* DATA SEGMENT:
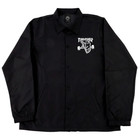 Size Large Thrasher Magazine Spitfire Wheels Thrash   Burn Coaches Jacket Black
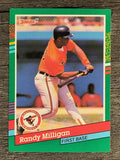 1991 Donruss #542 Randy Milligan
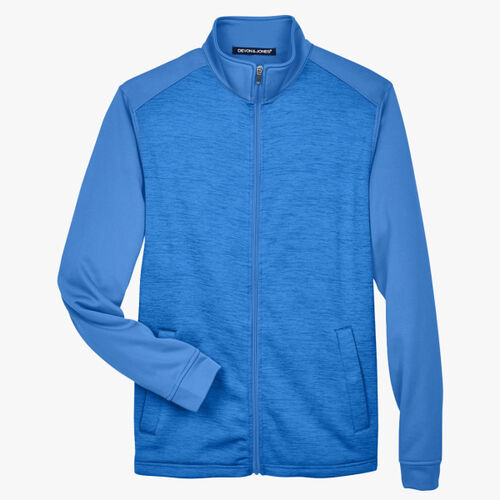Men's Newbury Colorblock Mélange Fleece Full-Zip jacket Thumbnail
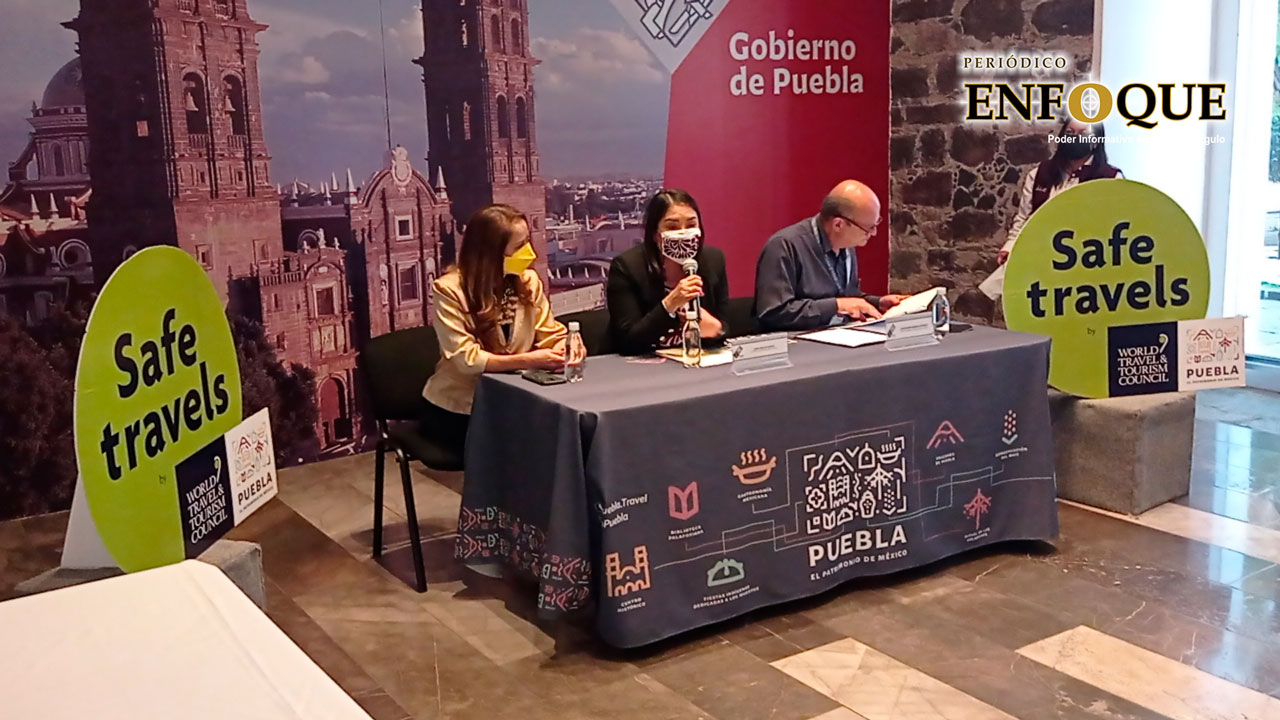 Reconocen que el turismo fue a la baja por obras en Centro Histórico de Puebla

* TASK REQUIREMENTS:
Please, leaving out all pictures, transcribe exactly the lines above from the one containing "Men's Newbury Colorblock" through the final line, both included.

* WRITTEN RESPONSE:
Men's Newbury Colorblock Mélange Fleece Full-Zip jacket Thumbnail
 Reconocen que el turismo fue a la baja por obras en Centro Histórico de Puebla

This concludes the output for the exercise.